▶ **PROBLEM DETAILS**:
After finding the line that holds "Pons quintana ankle" below, set down that line and the rest through the final one exactly, leaving the pictures out.

▶ **Source data**:
____

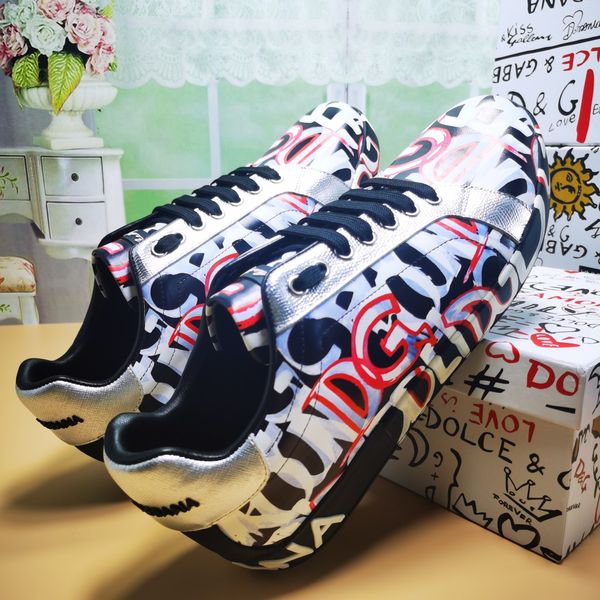 Men Women D*G LOW Sneaker 20230726-29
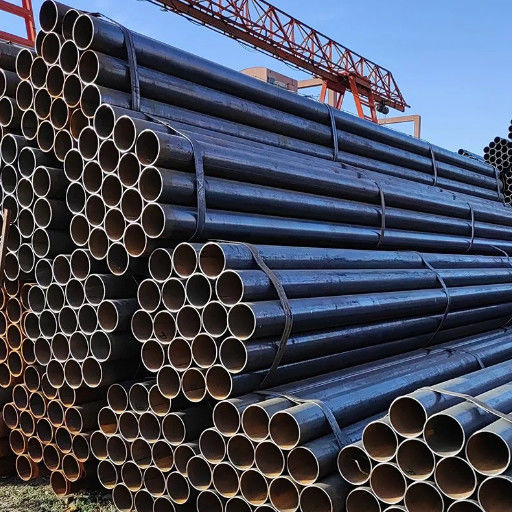 Su Tüpü Gazlı Buhar Kazanı ASTM A53 A53A A53b Düzgün Soğuk Çekilmiş Sıfırlı Çelik Tüp/Tüp A192 Kazan Tüpü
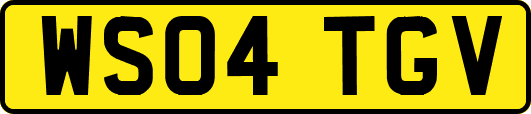 WS04TGV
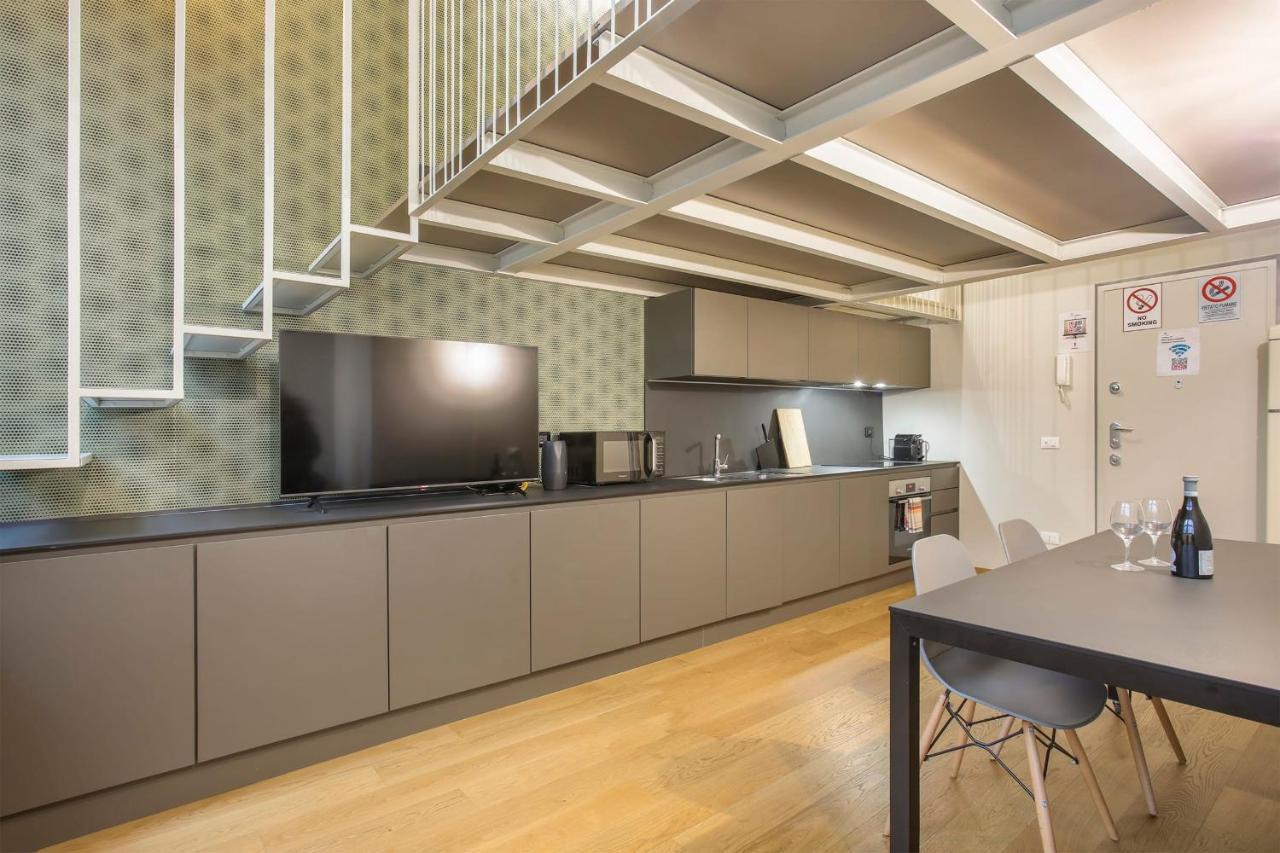 Modern Loft in Porta Venezia-Hosted by Sweetstay Mailand Exterior foto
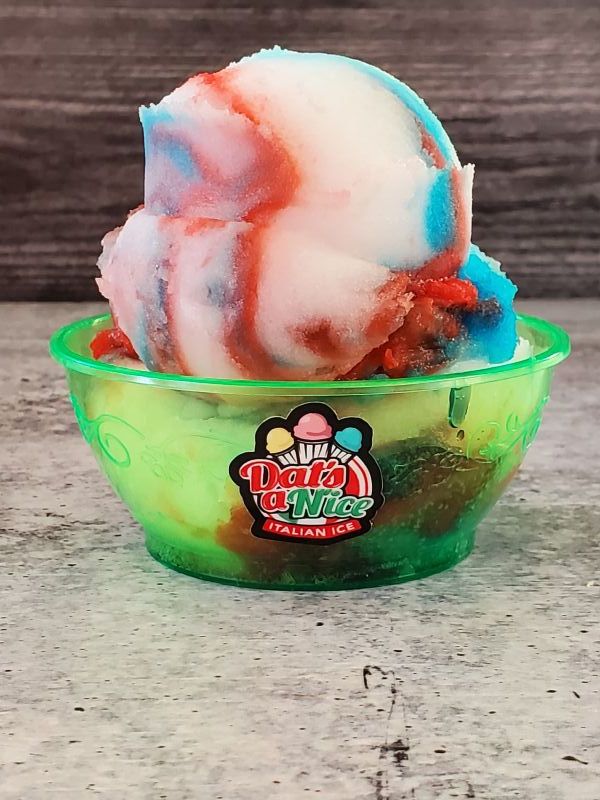 Dat's a N'ice Italian Ice
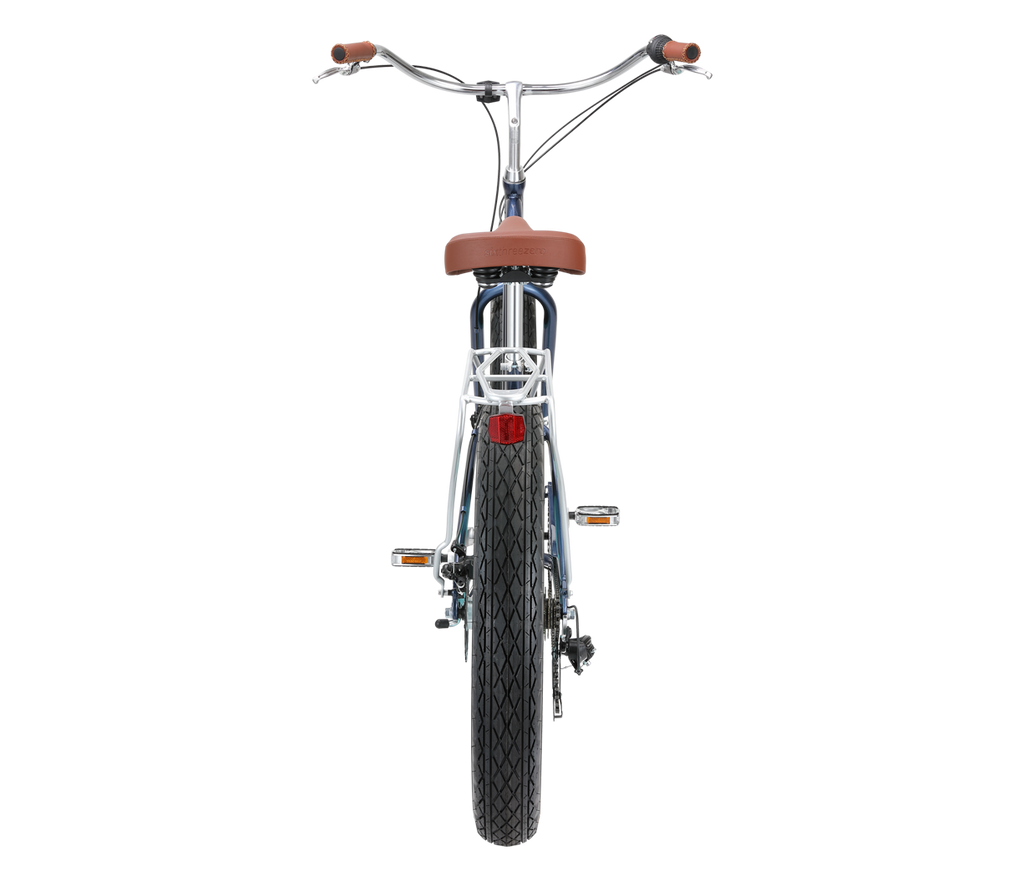 sixthreezero EVRYjourney Women's 26" FAT Tire 7-Speed Step-Through Touring Hybrid Bicycle — product view 22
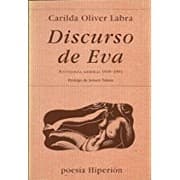 Tapa de Discurso de Eva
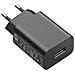 Caricabatterie Da Muro Originale Usb 5w Nero - Foto miniatura 1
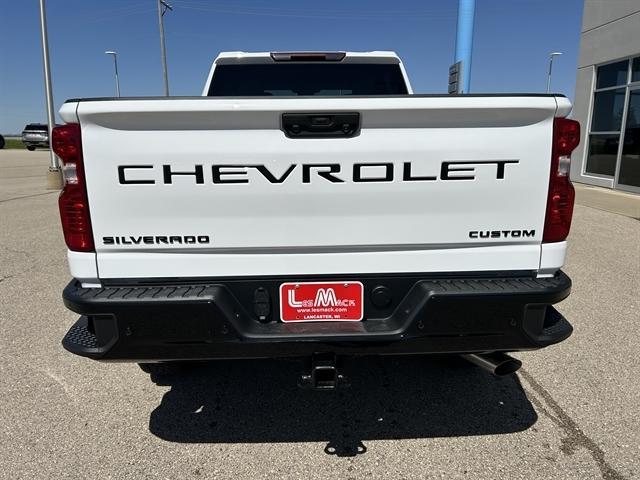 new 2025 Chevrolet Silverado 2500 car, priced at $60,325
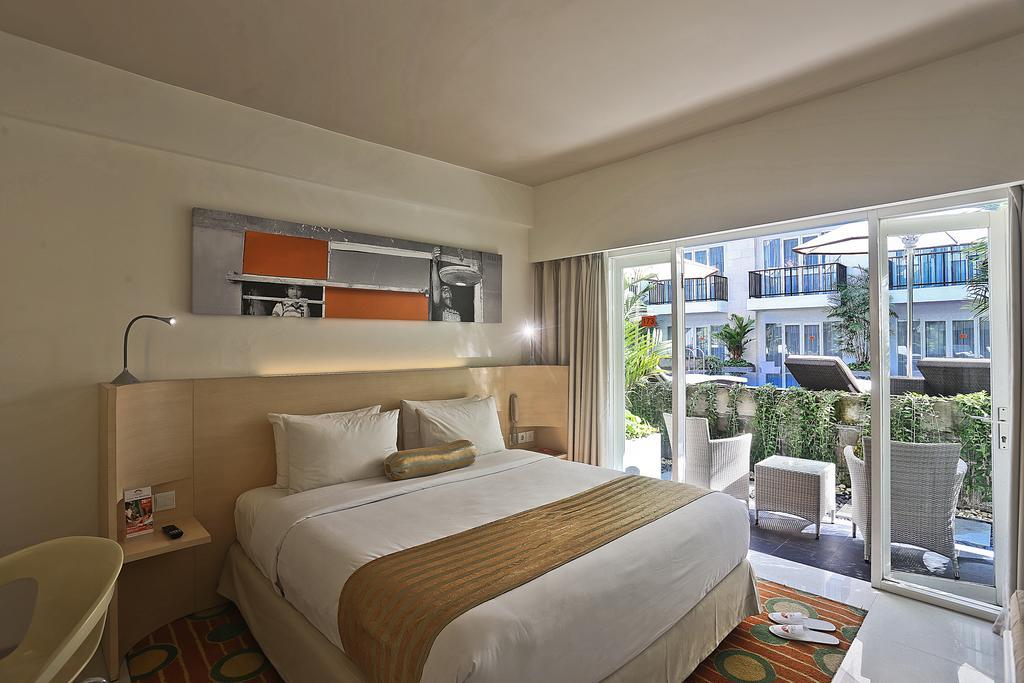 The Jimbaran View Hotel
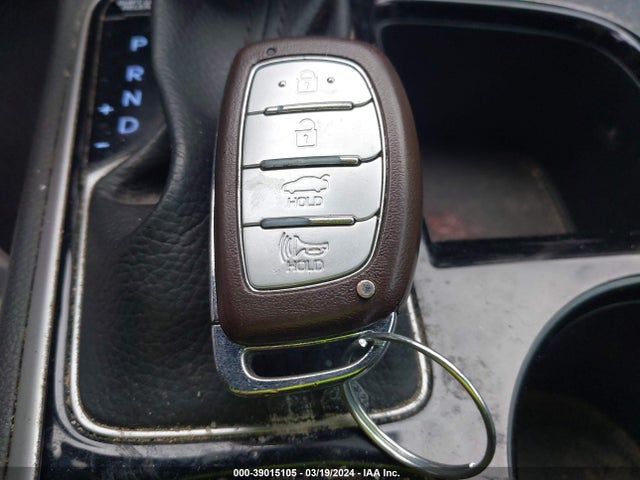 Hyundai SONATA SEL 2019 5NPE34AF7KH807368 Image 11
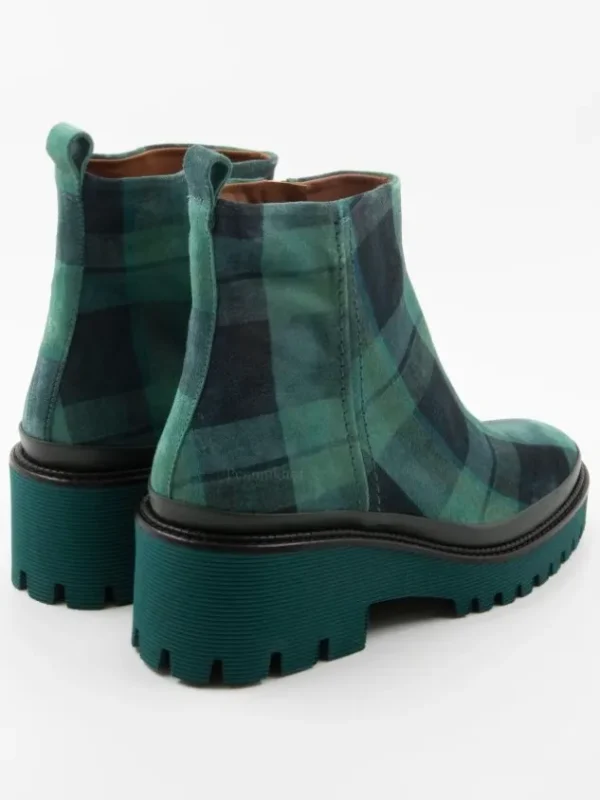 Pons quintana ankle boots CARMEN 10029.010 Blue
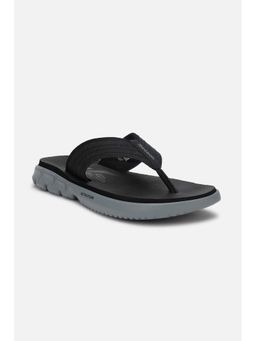 Reebok - Men Black Casual Flipflops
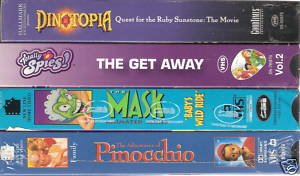 dinotopia movie vhs dinotopia movie vhs
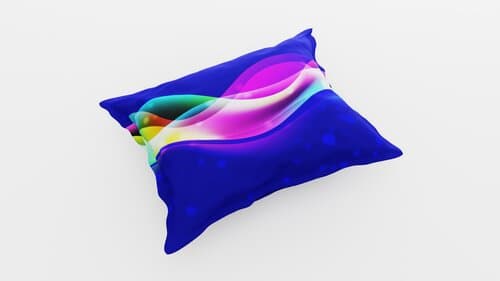 Bean Bag Kissen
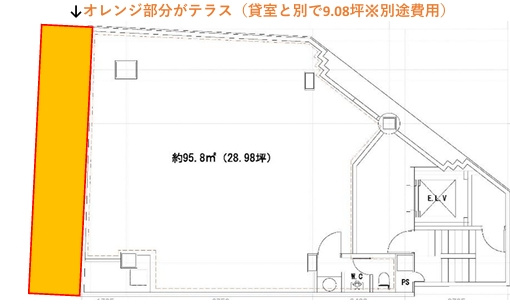 昭和興産北浜ビルの間取り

____

▶ **WRITTEN ANSWER**:
 Pons quintana ankle boots CARMEN 10029.010 Blue
 Reebok - Men Black Casual Flipflops
 dinotopia movie vhs dinotopia movie vhs
 Bean Bag Kissen
 昭和興産北浜ビルの間取り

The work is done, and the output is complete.